Over the years, the expressed needs of Kachchhi women have led KMVS to expand into more and more arenas, ranging from microlending to vocational training to literacy to reproductive rights to governmental representation of women. In this entry, I want to focus on just one of KMVS’s interests: ending domestic violence.

In most countries of the world, the paradox of domestic violence is that it is both ubiquitous and invisible. Domestic violence often happens under a blanket of social silence, and it is very hard to get accurate figures on its incidence. In India, most estimates posit that anywhere from 35% to 50% of women have suffered physical abuse at the hands of their partners. According to the Indian Ministry of Law and Justice, in urban households, figures are even higher, at 60%. But the survey laments that, in rural areas, surveillance of—and protection from—domestic violence is inadequate. The Ministry of Law and Justice estimates that only 5% to 10% of cases are reported to the police.

This may not come as a surprise. Cultural conditioning, structural gender inequality, and economic dependence are the reality for many women in Kachchh. Under these conditions, many are unable to justify leaving the homes of their husbands or marital families, even under severe abuse. Though this is hardly unique to India, age-old customary norms create an ecology that, tacitly or explicitly, condones spousal abuse and rape. And until recently, if a survivor were to “go public” with her case by reporting it to the police and invoking the law, there were few resources to protect her. Many would be forced to return to their abusive homes. Others would be evicted, with no shelter and no source of income. Rarely would the courts take cases of cruelty or abuse seriously. Indeed, one study found that in Mumbai, a majority of cases of cruelty of husband upon wife are registered only after the woman has been found dead, often either by dowry death or by suicide.

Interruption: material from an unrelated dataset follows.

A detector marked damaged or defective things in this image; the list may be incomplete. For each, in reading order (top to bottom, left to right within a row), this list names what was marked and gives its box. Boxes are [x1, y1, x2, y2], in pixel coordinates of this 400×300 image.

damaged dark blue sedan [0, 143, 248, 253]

Even if we divorce law from society, until 2005, a survivor would have had little legal recourse. The penal code criminalizes a “the husband or the relative of the husband of a woman [who] subjects such woman to cruelty,” but providing substantive proof of cruelty is almost impossible, and the courts rarely respect it unless it is causally linked to dowry demands. For that matter, giving or taking a dowry itself is a criminal act, as is dowry death, an all-too-common form of femicide emerging from dowry disputes. However, one must prove that money or articles exchanged were connected to dowry demands, and it is easy to make such demands subtle enough to be imperceptible to judicial rules of evidence. Divorce was rarely allowed except on grounds of chronic brutality, which, again, is almost impossible to prove. Rape is criminalized, but according to the code, can only be committed by a man upon a woman, and does not apply if a husband forces non-consensual intercourse upon his wife. There were no laws to protect a woman from harassment or sexual assault.

In response to these shortcomings, and with intense involvement of civil society organizations, the government passed the 2005 Protection of Women from Domestic Violence Act (PWDVA). The PWDVA is a civil law which aims to give protection and resources to any woman who has suffered from physical, sexual, verbal, emotional, or economic abuse by any man with whom she is in a domestic relationship. For those of you folks who geek out on legal mumbo jumbo like I do, the text is fascinating. Even if you don’t, though, it’s worth taking a look at some of the differences between the Indian and Indiana contexts, in terms of addressing domestic violence. Because it is handled very differently.

Perhaps the most salient difference is that PWDVA is civil law, rather than criminal law. In common law jurisprudence, civil law tends to be about restitution, and criminal law, about retribution. Indeed, under PWDVA, no arrests can be made at all, unless the accused violates a court order. Instead, working within a culture where the institution of the joint family is paramount, the laws tasks service providers with facilitatating mediated reconciliation or compromise first, leaving legal actions such as divorce or protective orders as a last resort.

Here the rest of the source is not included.